If UT3 was just half as good as UT2K3 perhaps sites like Insite, Nalicity, UP, and Polycount would still be fully operational with plenty of content always flowing. And I do remember that 9 months after it release the amount of good solid content available was staggering ... also the fact that CliffyB's Ownage awards were around there was a lot of energy driving the community despite the negative aspects of online play for the game. Also visually it was really a huge step up from UT1, much more so that the current incarnation ... and the artistic style really captivated a lot of people.

And really folks are you people really just into letting companies off the hook for sloppy mistakes and when they don't live up to their word? I really don't that ... we all know as gamers that what makes a game really great is the amount of care and polish even the small things get. And especially when it is something that exists on another platform and really should have never existed in the first place. And then combine that with the fact it is said to be fixed and yet it isn't I think people have a legitimate beef and have the right to ask what happened and why isn't the issue addressed. And people need to stop making light of the offline, Instant Action functionality that is missing that is making a lot of players really annoyed with playing the game. We are not talking about something that was never there before ... it has always been a part of the game and there is no good reason these type of features should have been left out (especially on the PC Platform) when you know so many of your customer base play the game offline. To ask for a premium price (as they did when the game first came out) and yet not deliver on such key elements is disconcerting for a great many players so just because you may not have the same feelings its no reason to talk trash about those of us who do.

Of course this patch has some good stuff ... that has already been stated and recognized.
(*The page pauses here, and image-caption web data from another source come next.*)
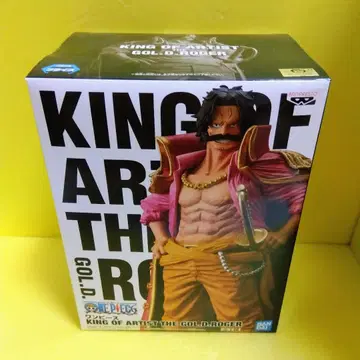 원피스 KING OF ARTIST THE GOL.D.ROGER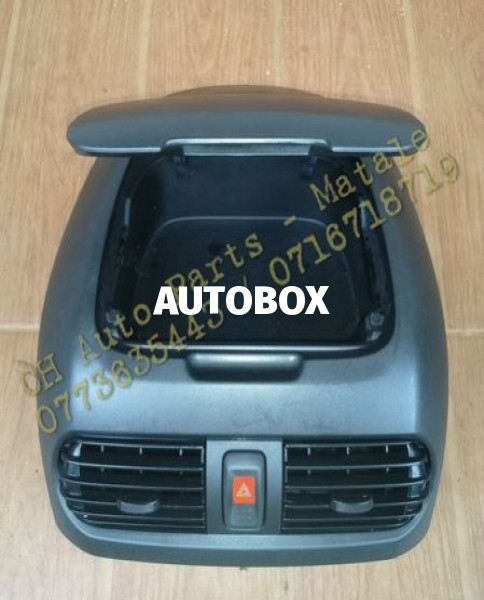 Nissan Sunny FB15 / Y11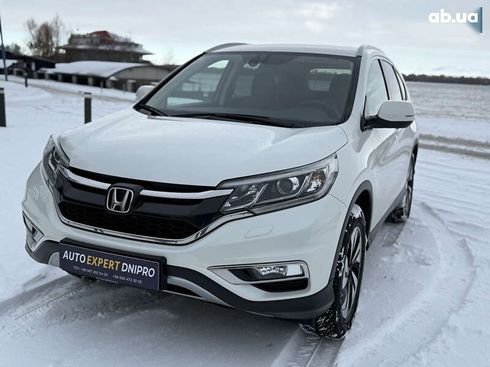 Honda CR-V 2016 - фото 22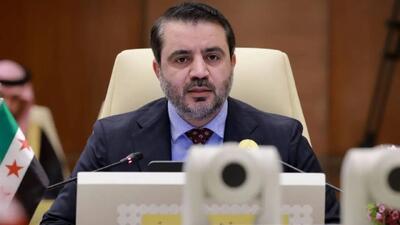 دیدار وزیر خارجه سوریه با رییس موساد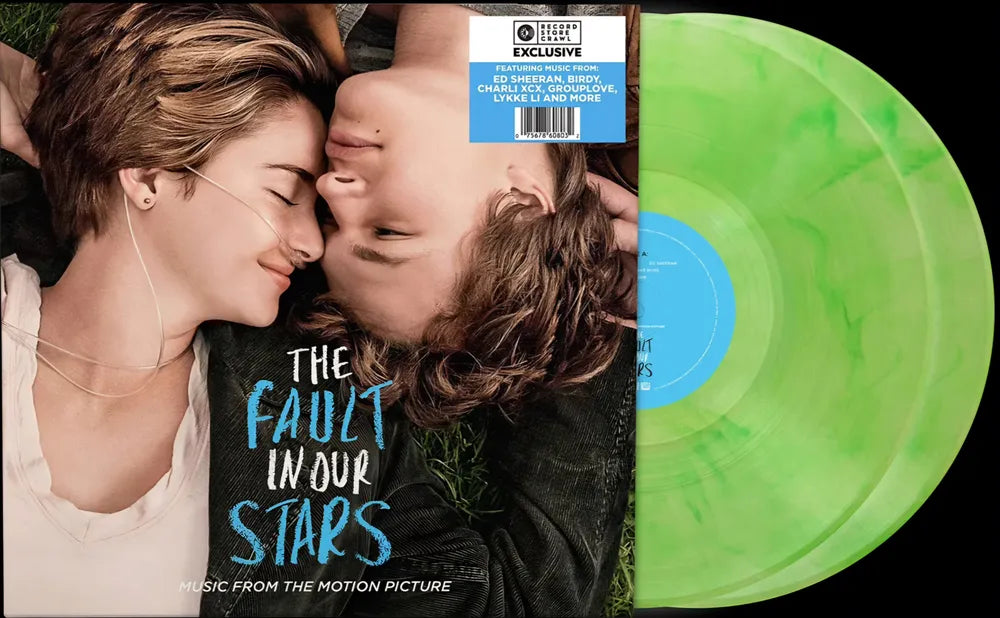 Fault In Our Stars / O.S.T. (Iex) - Fault In Our Stars / O.S.T. [Indie Exclusive] [New Vinyl]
Again the thread is about discussing the patch ... its not just about discussing the positive aspects only, but about what would have been nice to see fixed (demo guy bug for issue, after three patches for a supposedly AAA game it is just unbelievable imo that this issue still exists in any form). I don't know how that is seen as whining but people need to stop rolling over and just accepting everything without question. These are free products and these are not a group of 10-20 guys working on some game in a garage. So no I am not going to cut a group of highly paid professionals with years of industry experience and experience with this game any slack for such sophomoric errors. If you want to expect less and tolerate it then fine but please don't expect me too. And as you have seen I am not the only person who feels this way ... if I was then we'd still have plenty of places to get info about content and a thriving online community. It appears a lot of folks were expecting Epic to deliver a much more polished and refined product and we've seen the results of that not being the case. But perhaps with this patch, the patch for the PS3 version and the patch for the 360 people will come back since they can see the game has not been totally abandoned yet. Its not like Sega and their titles for example (Iron Man and the Hulk ... two horrible games that have seen a patch yet and they need it) so that is something to build on in positive fashion. And Epic did listen when we asked for Motion blur on the PC and for the custom faction support I will give them points for that as well.
 

Noobnugget

New Member
Jan 10, 2006
121
0
0
I don't know if T2A meant this or not but ping compensation is almost expected on most console games now days and on many PC games. It makes the game more user friendly and makes the experience better for your average person who doesn't know about or doesn't want to lead targets and all of the stuff that comes with the "ping" territory. Most average people don't really care about "getting hit behind a wall" if they don't have to worry about ping.
Oh yea, that's one thing i keep forgetting. Nowadays things have to be "user friendly", or to term it more correctly "made easy", for the masses of near clueless players.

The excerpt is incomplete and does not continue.